Вместе с Айрин на ощипе трудился еще один работник, наш сосед Генри Стритс. Человек неприметный, он отличался лишь тем, что было ему восемьдесят шесть лет и, по его выражению, любая работа у него в руках горела. Он приносил на фабрику термос виски и прикладывался к нему не раз и не два на протяжении всей смены. Не кто иной, как Генри, сидя у нас на кухне, как-то сказал мне: «Приходи работать в „Индюшкин двор“. На потрошение как раз люди требуются». Тут вмешался мой отец: «Это не для нее, Генри. Она же у нас безрукая», а Генри воспринял это как высказанный в шутливой форме запрет: уж больно грязная работа. Но я сразу решила попытать счастья; мне не терпелось проявить себя хотя бы в таком деле. Я уже начала себя стыдиться, прямо как взрослый человек, не осиливший грамоту, – настолько остро я переживала свою неуклюжесть. Все, кого я знала, на работе применяли недоступные мне навыки; работа была также мерилом, показывающим, может ли человек собой гордиться и соперничать с другими. (Излишне говорить, что те занятия, в которых я преуспевала, например учеба, вызывали настороженность, а то и явное презрение.) Поэтому я радовалась и даже торжествовала, когда меня не выгнали и не отругали за медлительность в потрошении птицы. Производительность нашего цеха держалась на Гербе Эбботе, а он время от времени меня хвалил: «Вот умница» – или поглаживал по спине со словами: «Скоро лучшей работницей станешь… ты в этой жизни далеко пойдешь», а я, ощущая его прикосновение через толстый свитер и мокрую от пота рубашку, вспыхивала румянцем и готова была обернуться, чтобы прильнуть к его груди. Мне хотелось положить голову на его широкое, массивное плечо. Вечером, ложась спать, я терлась щекой о подушку и воображала, будто это плечо Герба.
Мне было интересно, как он разговаривает с Глэдис, как смотрит на нее, что подмечает.
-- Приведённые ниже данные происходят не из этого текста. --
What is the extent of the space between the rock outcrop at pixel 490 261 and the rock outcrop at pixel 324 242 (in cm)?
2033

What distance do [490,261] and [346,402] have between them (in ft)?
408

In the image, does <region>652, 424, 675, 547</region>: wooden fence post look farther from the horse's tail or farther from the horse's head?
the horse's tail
Этот интерес не имел ничего общего с ревностью. Думаю, мне просто хотелось какого-то развития событий. Совсем как Лили и Марджори, я дрожала в нетерпеливом ожидании. Мы все жаждали уловить в его взгляде огонек, а в голосе – жар. Не то чтобы мы желали ему стать больше похожим на других мужчин, но просто знали: чувственность у него проявится совершенно особым образом. Он был добрее и терпимее большинства женщин, а суровостью и сдержанностью не уступал никому из мужчин. Мы хотели увидеть, как он переменится.
Если Глэдис и стремилась к тому же, то виду не подавала. Глядя на таких женщин, я не могу определить: неужели они в душе столь же толстокожи и унылы, как внешне, и только ищут повода выплеснуть презрение и досаду, или же их терзают мрачные костры и пустые страсти.
Лили и Марджори были не прочь поговорить о замужестве. Ничего хорошего они на эту тему сказать не могли, хотя полагали, что уклонение от брачных уз должно преследоваться по закону. Марджори рассказывала, как вскоре после свадьбы забилась в дровяной сарай, чтобы наглотаться крысиного яду.
– И непременно бы наглоталась, – добавила она. – Да только аккурат в это время автолавка подъехала, и мне пришлось выйти, кое-чего прикупить. Мы тогда на ферме жили.
Муж в ту пору обращался с ней очень жестоко, но позднее с ним случилась беда: он перевернулся на тракторе и от полученных травм остался калекой. Они переехали в город, и теперь хозяйкой положения оказалась Марджори.
– Тут как-то вечером разобиделся и говорит, дескать, ужин твой есть не буду. Ну, я ему запястье стиснула и держу. Он испугался, что я ему руку выверну. Понял, что с меня станется. Я ему: «Что ты сказал?» А он сразу: «Нет-нет, ничего».
Рассказывали сестры и о своем отце. Был он человеком старой закалки. В сарае держал аркан (не в том сарае, где крысиный яд, – тот был на другой ферме, гораздо позже) и, когда дочери действовали ему на нервы, мог отходить их этим арканом и грозился на нем же повесить. Лили, младшую из сестер, трясло так, что ноги не держали. Не кто иной, как отец, отдал Марджори, когда той едва стукнуло шестнадцать, в жены своему дружку. Тот и довел ее до крысиного яда. А отец потому так поступил, что боялся, как бы она по рукам не пошла.